Deciding who really needs narcotics isn't easy for doctors whose practices
serve low-income people, said Dr. Danny Clark, a Somerset physician and
chairman of the Kentucky Board of Medical Licensure.
Such patients "do not have the money to go to places to be evaluated for
chronic pain," Clark said. So to relieve their pain, doctors prescribe pills.
It ought to be easy to tell the difference between legitimate sufferers and
addicts, said April Vallerand, an assistant professor at Detroit's Wayne
State University who serves on pain advisory panels. In 2000, she won a
three-year, $489,000 grant from the National Cancer Institute to study
cancer pain management in the home.
"My patients with pain take these drugs so they can go back out and do the
things that are important in their lives," Vallerand said. "My addicted
population takes them to escape."
Trying to get away
Peyton Reynolds, head of the Hazard office of the Department of Public
Advocacy, said he sees many addicts among his clients -- 95 percent of whom
sell or use prescription drugs, he said.
"Our economy has failed," Reynolds said. "Young people are in despair. They
have no future."
Police who try to stop the pill-sellers say the nature of the crimes makes
enforcement seem like trying to hold back the tide.
With drugs such as cocaine and marijuana, police could occasionally work
their way to Mr. Big, said Capt. Mike Reichenbach, who heads drug
investigations in Eastern Kentucky for the Kentucky State Police.
"You work it long enough, you get back to the head and take it out,"
Reichenbach said.
But in the prescription-drug trade, each day brings a new kingpin: whoever
"has got their prescription filled at 9 a.m," he said.
Those who get arrested sometimes wind up in the care of people such as
Scott Walker, the substance abuse program director for Mountain
Comprehensive Care.
Every person in Mountain Comp's 21-bed Layne House in Prestonsburg is a
recovering prescription-drug addict.
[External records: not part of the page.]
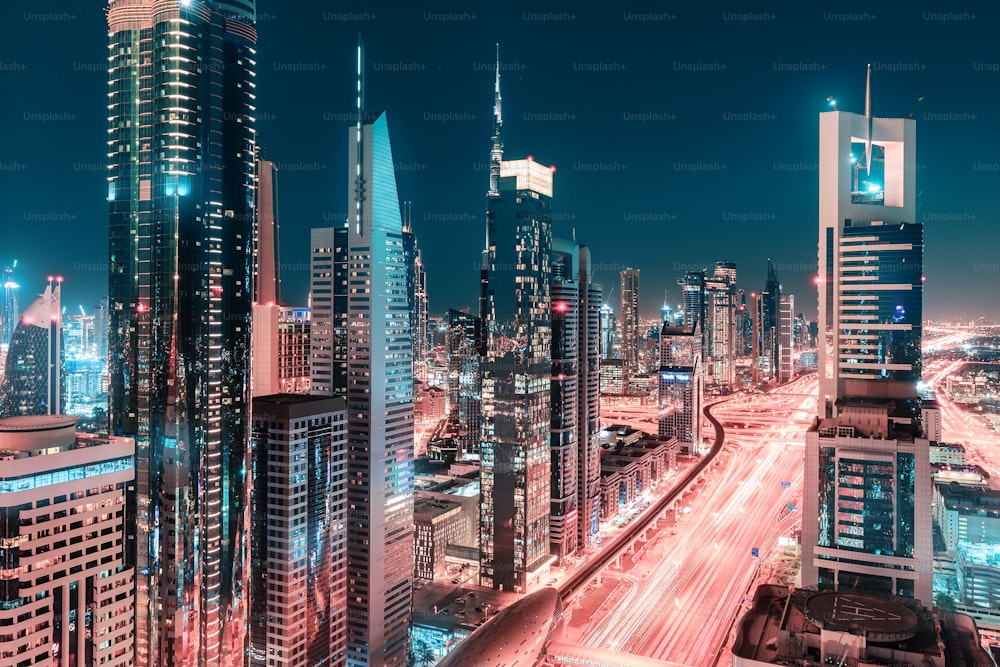 Vista notturna dello spettacolare paesaggio di Dubai con grattacieli e grattacieli sull'autostrada Sheikh Zayed. Destinazioni di viaggio globali e concetto immobiliare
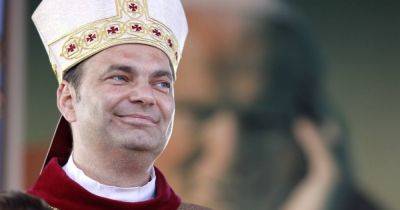 В гей-оргиях обвиняют епископа: громкий секс-скандал в приходе в Польше получил продолжение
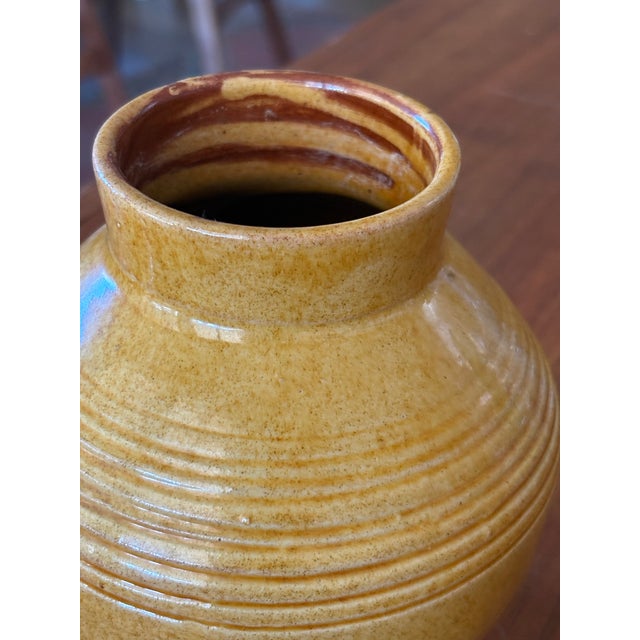 Ceramic Mid 20th Century Danish Studio Pottery Vessel – Fynske Landsby Odense, Sculptural Tripod Form For Sale - Image 7 of 10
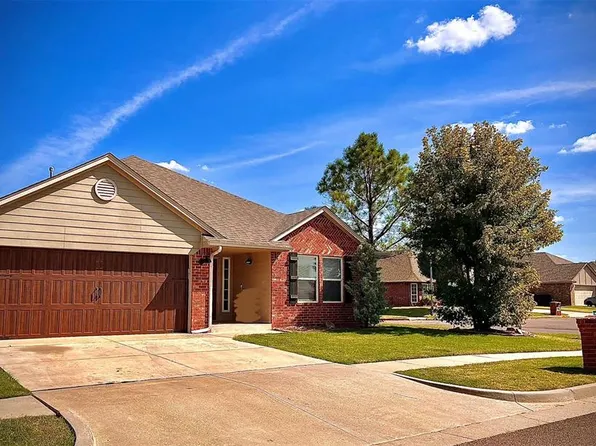 17700 Black Hawk Cir, Edmond, OK 73012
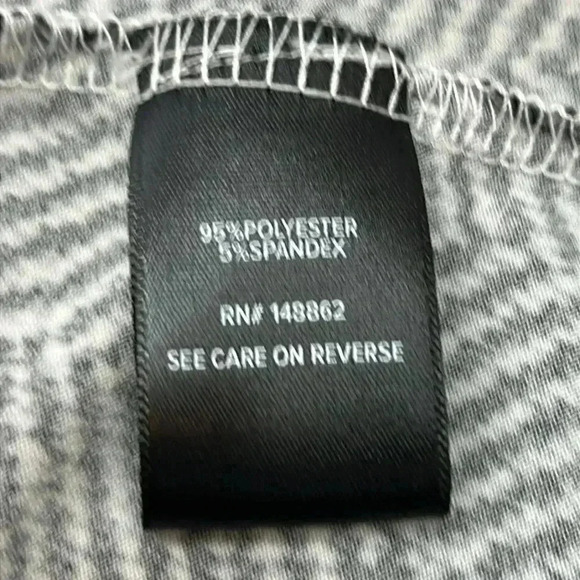 Torrid V-Neck Skater Dress Sz 18/20 Black/White Herringbone Cinch Front/Sleeves - Picture 8 of 10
Each might have another addiction as
well, but it's "Lorcet, Lortabs and Oxy, mostly," Walker said.
"They are younger and sicker," Walker said, compared with clients from
previous years. Layne House residents are rarely older than 30.
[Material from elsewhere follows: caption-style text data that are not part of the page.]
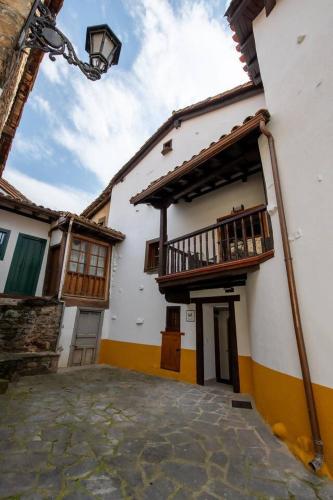 a building with a balcony on the side of it at Miravilla 25 Potes 4 in Potes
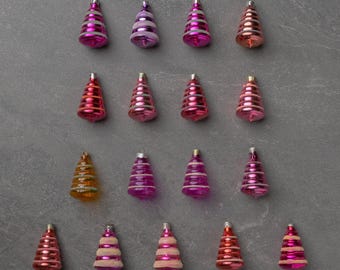 Glas Vintage julgransprydnad från mitten av århundradet, silver-kvicksilver heminredning, julklapp i vinter - Dekoration: Flerfärgad pyramid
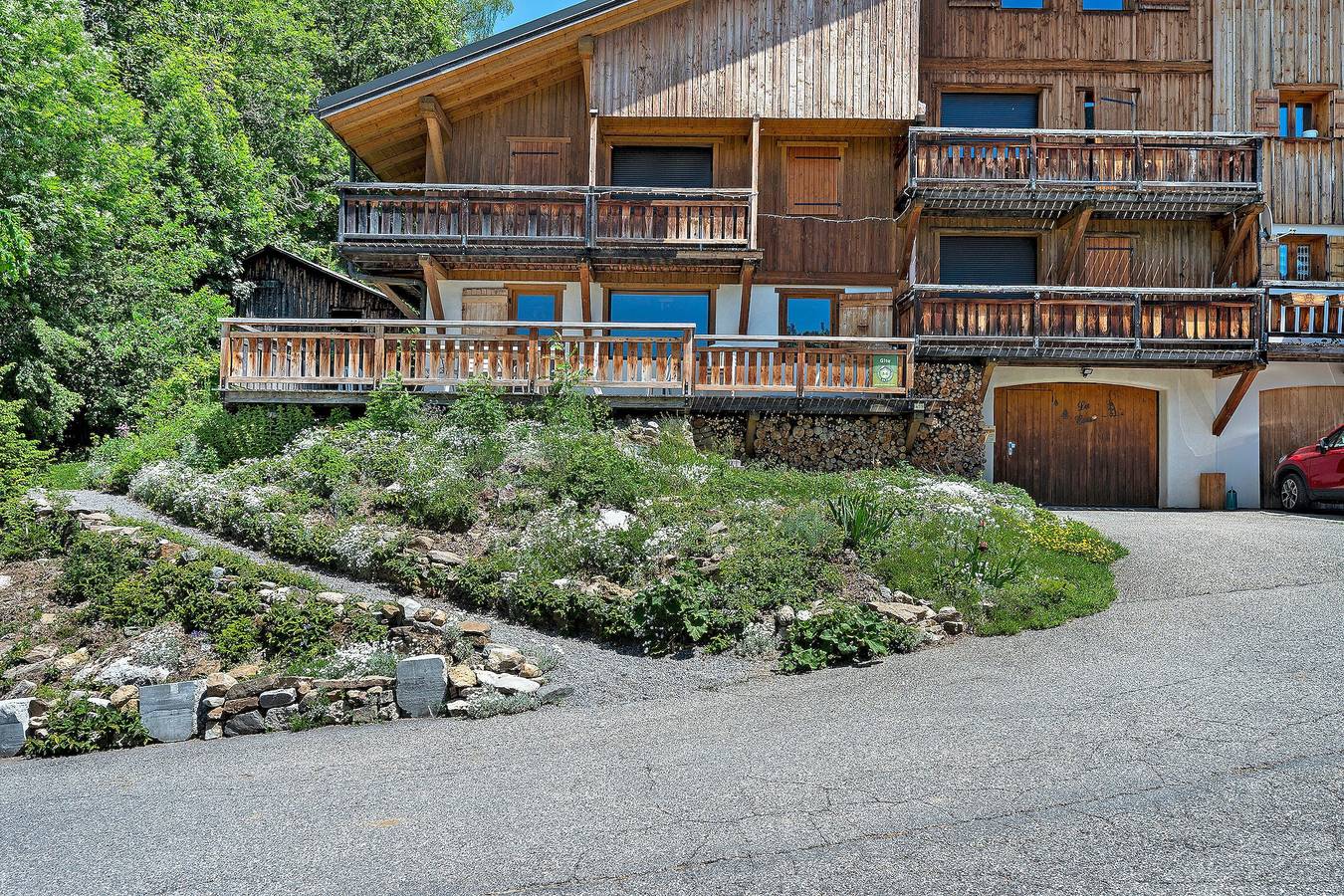 Entire apartment, Apartment 'La Dent De Cons' with Mountain View, Private Terrace and Wi-Fi in Notre-Dame-de-Bellecombe, Albertville region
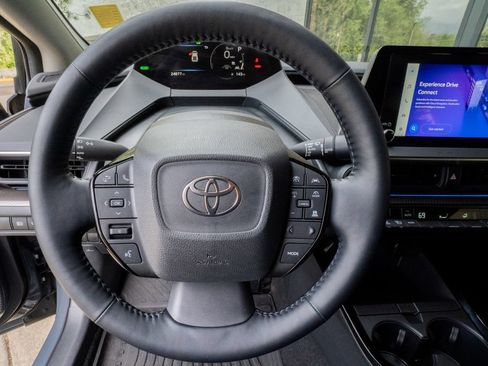 Used 2024 Toyota Prius XLE AWD/4WD image 12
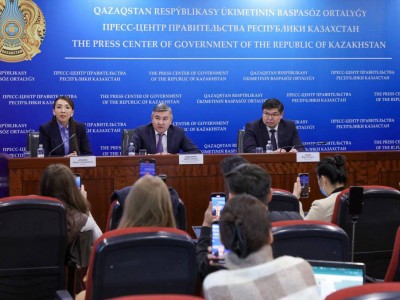 
                    Олжас Бектенов поручил обеспечить рост экономики на уровне не менее 6%
                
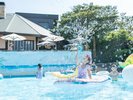 夏はプールを大満喫★★
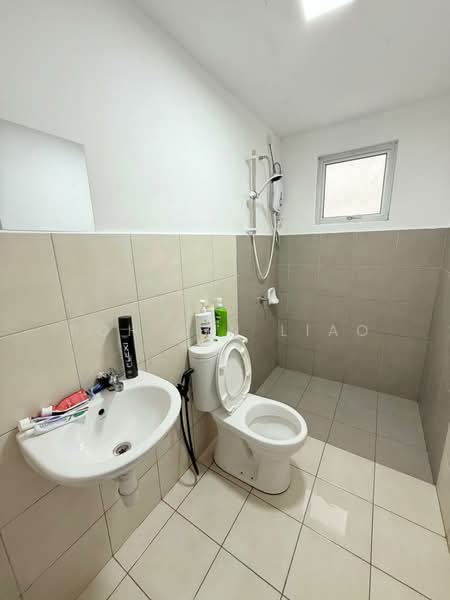 Kiara Kasih untuk Untuk Disewa - RM 1,700 /bulan, Mac 2026 - Bathroom - PropertyGuru.com.my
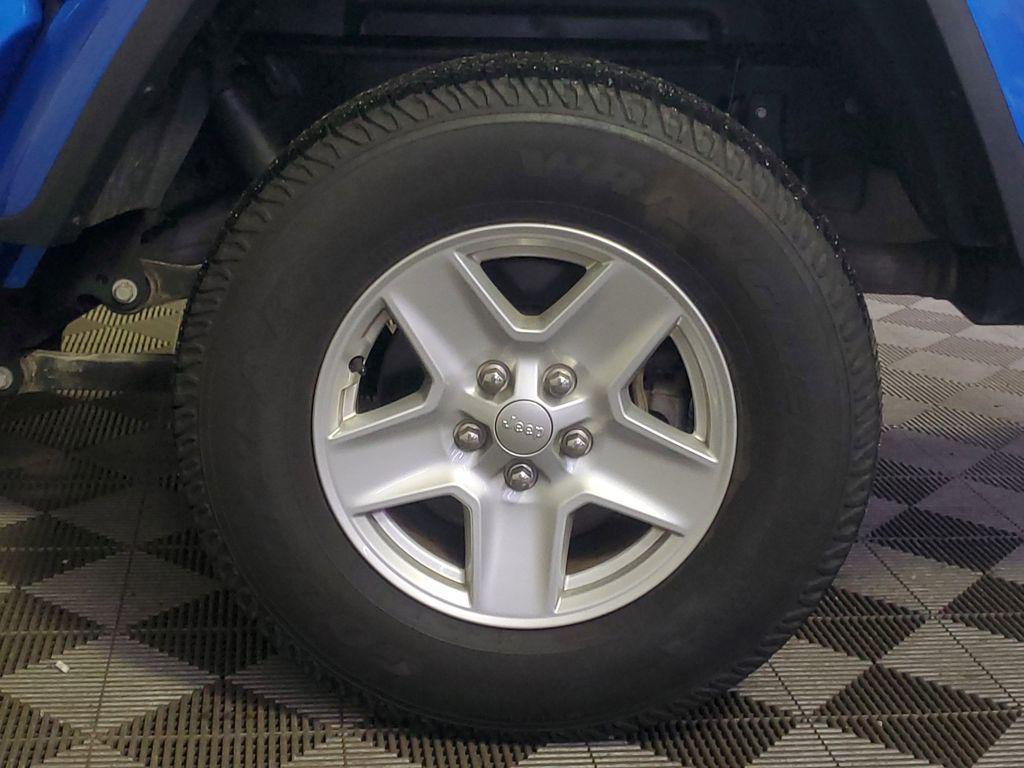 used 2021 Jeep Gladiator car, priced at $26,379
The number of people seeking residential treatment for painkiller addiction
in Eastern Kentucky nearly tripled from 1998 through 2001, and the wait for
admission to one of the region's five community treatment centers can take
several months.
Prescription-drug abuse has been "slow and insidious over the years; the
last three or four years, it's been overwhelming," Walker said.